Lo notable de esta historia es descubrir hasta qué punto la ficción que describe las dificultades de un grupo de rock en un Estado autoritario, está ligada a hechos reales. La coguionista de la película, y compañera del director, Roxana Saberi, sale de la cárcel justo a tiempo para el estreno mundial de la cinta en el extranjero. El realizador se encuentra a su vez en el exilio, al igual que los dos actores principales del filme, mientras que Mehdi Pormoussa, el asistente de dirección, se encuentra todavía en la prisión, misma que compartió por un tiempo con el célebre director Jafar Pahnadi (El círculo, El balón blanco), quien acaba de ser liberado. La película no tiene, por supuesto, la menor posibilidad de ser exhibida en el país en que fue rodada de manera clandestina.

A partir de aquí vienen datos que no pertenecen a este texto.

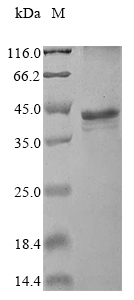 SDS-PAGE
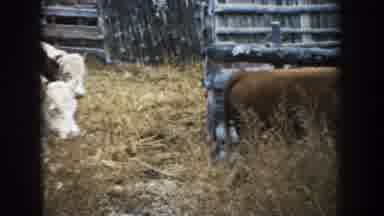 South Dakota (1953): Herd Of Brown And White Bovines Walking From Left To Right In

Bahman Ghobadi narra con brío esta historia de músicos que preparan en Teherán su concierto de despedida, antes de su improbable salida a Europa. Describe no sólo las vicisitudes de los preparativos organizados por un solícito mánager, Nadar (Hamed Behdad), hombre orquesta, mitómano y mundano, fino conocedor del underground cultural iraní, personaje sumamente divertido, sino también el clima de los conciertos improvisados en los sótanos de las casas, en continua alerta por la posible irrupción de la policía (la cinta alude también al arresto masivo de 400 personas durante uno de estos conciertos secretos). El director comparte así con los músicos las tribulaciones de la clandestinidad, se juega con ellos la suerte, y consigue al mismo tiempo, con cámara digital en mano, capturar la intimidad y zozobra del grupo, y también el clima de la capital iraní con sus contrastes de modernidad y miseria, y con la sensación de acoso de la ciudadanía por parte de las autoridades.

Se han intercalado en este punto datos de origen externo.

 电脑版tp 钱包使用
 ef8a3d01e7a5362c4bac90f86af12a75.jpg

Una de las melodías (Dios, despierta) alude precisamente a la irracionalidad de este virtual estado de sitio. Otra alusión, apenas velada, muestra a una protagonista con un libro de Kafka bajo el brazo. Hay una escena delirante: la voz en off de la policía obligando a los músicos a entregarles en la carretera a un pequeño perro que viaja ilegal a bordo de un auto.

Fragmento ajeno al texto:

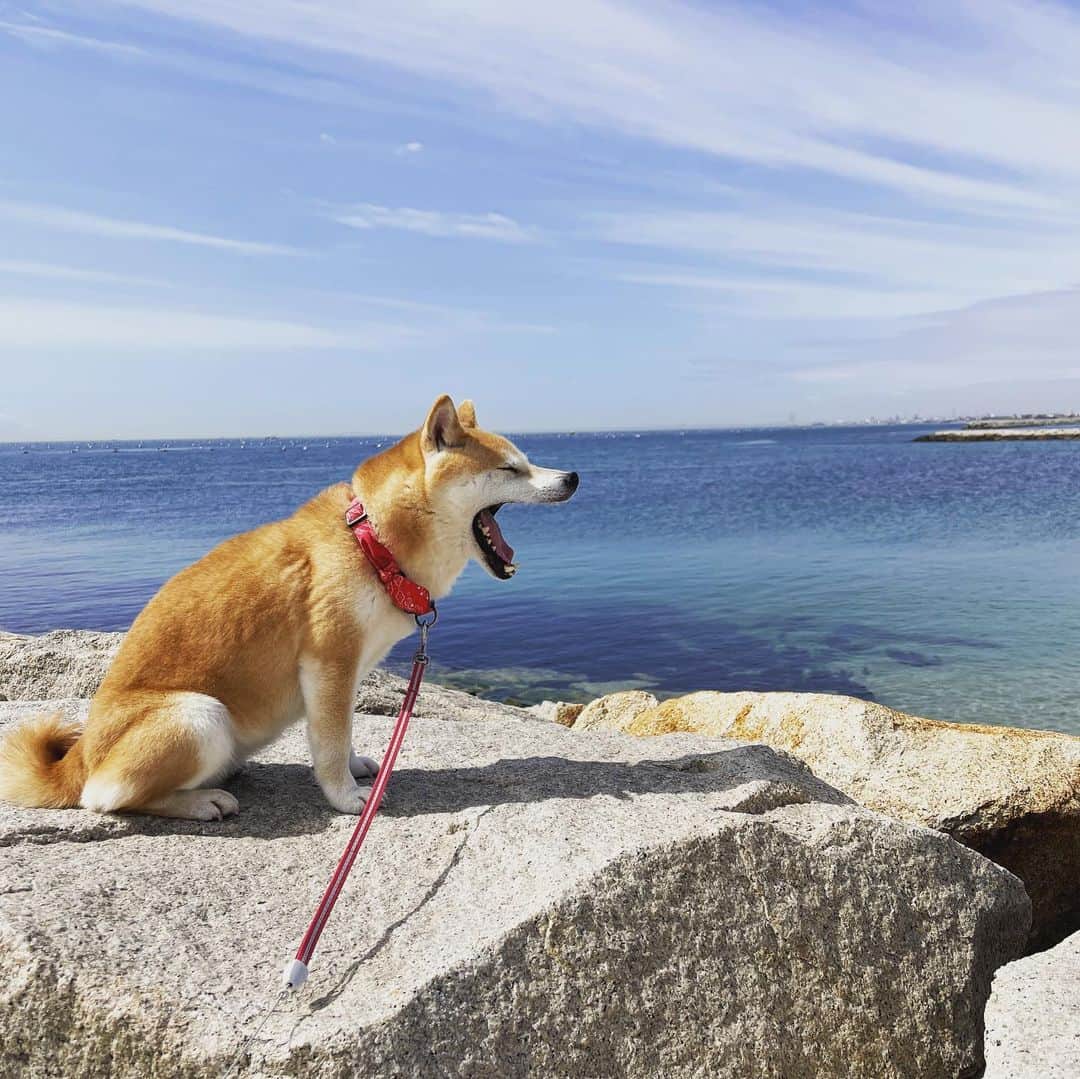 柴犬小春さんのインスタグラム写真 - (柴犬小春Instagram)「おはようございます😃 先日行って来た松江海岸で撮影してきた写真です。とても綺麗な海でした！」3月5日 7時51分 - kohachannel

El director que en cintas anteriores tenía una percepción aguda y muy crítica del medio rural, consigue ahora el registro frenético de una opresiva realidad urbana. El rap persa que el grupo combina con sonidos metaleros y no pocas melodías de folclor local, narra la historia no oficial del fundamentalismo religioso vuelto gobierno, y lo hace de manera nerviosa y a la vez segura, manifestando en lo que sugiere y deja en la penumbra –más que en lo que hay de verdaderamente explícito– el vigor artístico de la denuncia.